Barliman also represents one of the forces of Good. As bumbling and inept as he is, he means only the best, and in the Dark Times descending on Middle Earth, this counts for an awful lot. Indeed, there is a constant theme running through Tolkien's books about the importance of the efforts of little folk in the fight against Evil. And by "little" I don't mean "short". Rather, I mean "unimportant." Think not only of the efforts of the main hobbits, but of the other residents of the Shire - the Cottons, Fatty Bolger, the Maggots. Think also of such characters as Ioreth, Beregond and Bergil in Minas Tirith, for instance.

Jackson rolls right over all of this because he's had to so seriously condense the exposition of the story - if you've only got half an hour or so to get from Bilbo's Birthday Party to Frodo's arrival at Rivendell, you don't have time for this kind of subtlety. The Prancing Pony isn't a cheerful inn full of sights and sounds that would remind Frodo and his friends of home. Instead, it's fully within the realm of the Big Bad World. All of the Men (there are no local hobbits that I recollect) are dark, mysterious and evil. Butterbur is just the man behind the bar, as nasty as the rest of them. Of course, in this atmosphere, it would be ludicrous for Frodo to get up on a table and sing, which is why Jackson also had to concoct a different method to get the Ring on Frodo's finger. Thus the snowball effect, which I find to be one of the inherent irritants with the movies.

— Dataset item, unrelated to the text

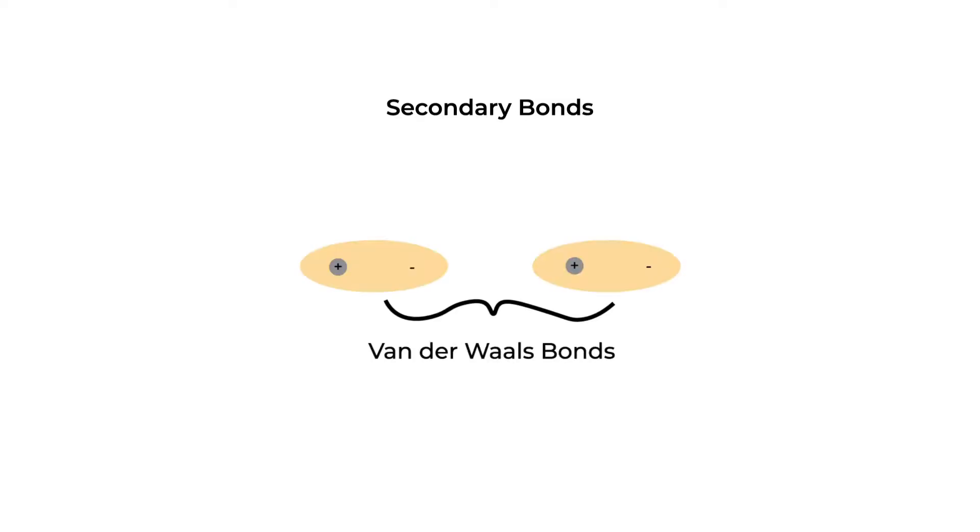Now we can move on to secondary bonds. Some of you may be familiar with van der Waals bonds. Most of you may be familiar with hydrogen bonds, which are a form of van der Waals bond. Van der Waals are considered secondary bonds due to their significantly weaker bond energies compared to our primary bonds.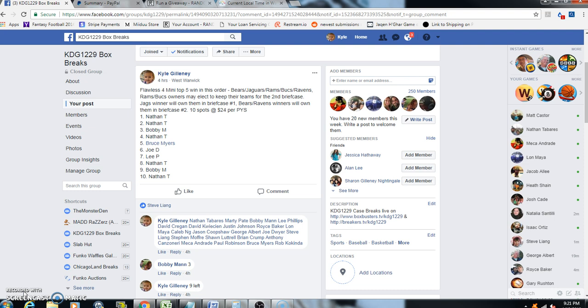Jags, third gets the Rams, fourth the Bucks, and then fifth the Ravens. All right, and then the Rams Bucks owners kind of like to keep those teams for the second briefcase. We are actually going to be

Then there is Strider, to whom we are introduced in the Common Room at the Pony. Now you can argue, perhaps even legitimately, about the chops and changes in story line required to jam a thousand-odd pages of text into nine or so hours of movie. But this doesn't excuse, IMHO, mucking about with the basic personalities and motivations of the characters. Jackson starts out more or less on the same page, if you'll pardon the expression, as Tolkien, giving us The Mysterious Stranger Who Already Knows Too Much. But as the story moves forward, he serves up his own version of Aragorn, much more frail and whiney and - at times - practically paralyzed by his own weaknesses. Indeed, his subplot about Aragorn having to overcome his own fears in order to meet the Enemy is quite alien to the character Tolkien paints. Or characters, I should say, because Tolkien does a terrific job switching back and forth between Strider, the stoic Ranger and Aragorn, High King of the Numenoreans of Westernesse, both of whom are gradually revealed and blended through the course of the novel. We hates Jackson's departure from this and will be tracking it in detail as Gary progresses through the books.

Ah, that felt good!

Now, how about a little Elvish Music? Mixolydian Don has got you covered.

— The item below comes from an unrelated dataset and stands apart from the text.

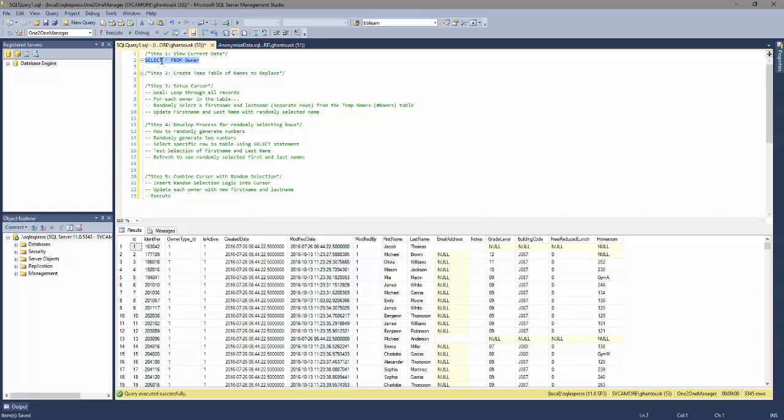My first objective is to create a temp table that has the list of names that I want to do the replacement with, and that will be our next video.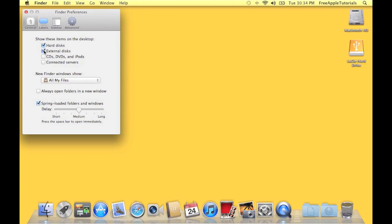External disks. There's that Lacey hard drive that's connected. CDs, connected servers. It'll show all of these. Or you can disable them and it won't show them.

Posted by Robert at September 19, 2005 01:14 PM | TrackBack

Jackson commits two rather large sins, in my mind.

1) He constantly minimizes the good and emphasizes the evil in numerous minor characters. You note Butterbur, but this holds true throughout -- Strider becomes unsure of himself; Elrond becomes a malevolent, man-hating prick; Treebeard and the Ents initially opt for neutrality; Theoden's retreat to Helms Deep is a cowardly retreat; and Faramir opts to take Frodo as a prisoner to Osgiliath -- and on, and on. Instead of moral actors arriving at the correct decision, these characters ultimately have to be shamed into doing the right thing by bigger characters. One of the things I liked about hte Lord of the Rings is that Tolkien presents the fight against evil as a decision every person, at some level, has to confront -- many people choose, in the book, to oppose Sauron for their own moral reasons. Jackson instead opts to make the Hobbits and Gandalf the consciences of Middle Earth. If slander against fictional characters were a crime, then Jackson is guilty of numerous counts of it.

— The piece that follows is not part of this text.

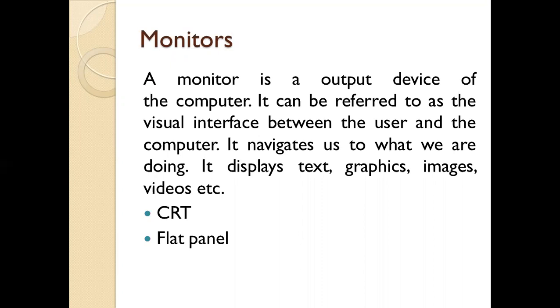It navigates us to what we are doing. It displays text, graphics, images, and videos. You can see all these things on the monitor.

2) He not only cuts scenes -- we all knew that had to happen for the movies to be made -- but in some places, he ADDS scenes that never occurred -- the more gratuitous of these being the Warg battle/stunned Aragorn bit, and the Elvish archers at Helms Deep. In both scenes, I said "WTF?". Both were completely unnecessary, and they also took away from time he could have used to give us stuff that was actually in the book.

What angered me about it was that he presumed himself a better narrator than Tolkien -- we get 10 minutes of Peter Jackson's crappy writing in place of 10 minutes of Tolkien.

That being said, he did get a lot right in Middle Earth -- the art direction, sets, costumes, locations, etc. are top notch. The computer work is groundbreaking. I'm not going to give him a blanket condemnation for the movies -- but I think he also made some serious mistakes along the way.

Posted by: The Colossus at September 19, 2005 01:42 PM

Dude! Did you steal all that from one of my prior posts? That's EXACTLY what I've been on about all this time. And it's the addition of things - another example being Gandalf and Pippin sneaking off to light the warning beacons of Gondor - that particularly gets my goat and undercuts the argument about how things had to be cut in order to make the books small enough to fit on the screen. But I'm trying to keep pace with Gary's narrative.

Posted by: Robbo the LB at September 19, 2005 01:50 PM

Robert/Colossus. All valid arguments against PJ's interpretation of a timeless classic.

However, I would make one point as it regards filmmaking. In every example listed above (with the exception of Elrond, the prick) we see over two or three films the kind of character development that is not necessary in Tolkien's books. Remember that the films were made primarily for the fans but Jackson also intended that they appeal to a wider audience. Without the kind of character arcs that these followed - Aragorn's overcoming self-doubt, Treebeard and the Ents' decision to take a stand against evil after being too passive, Theoden's finally achieving the heroism that make him (in his mind) worthy of his ancestors and Faramir's desire to please his father v. his better instincts - many non-fans who paid good money to see the films would not have enjoyed them as much.

Perhaps Jackson's actions seem to reduce the characters to the level of a bad soap-opera and I'm sure you'd both say to the non-fans, F 'em. But Jackson's presentation of Tolkien's vision didn't gross over a billion dollars because his cinematic instincts sucked.

The books are the books and the film will never take away from that. But ponder this: how many new fans of the books are there today BECAUSE of the films?

I don't hear the Tolkien estate or Houghton Mifflin complaining.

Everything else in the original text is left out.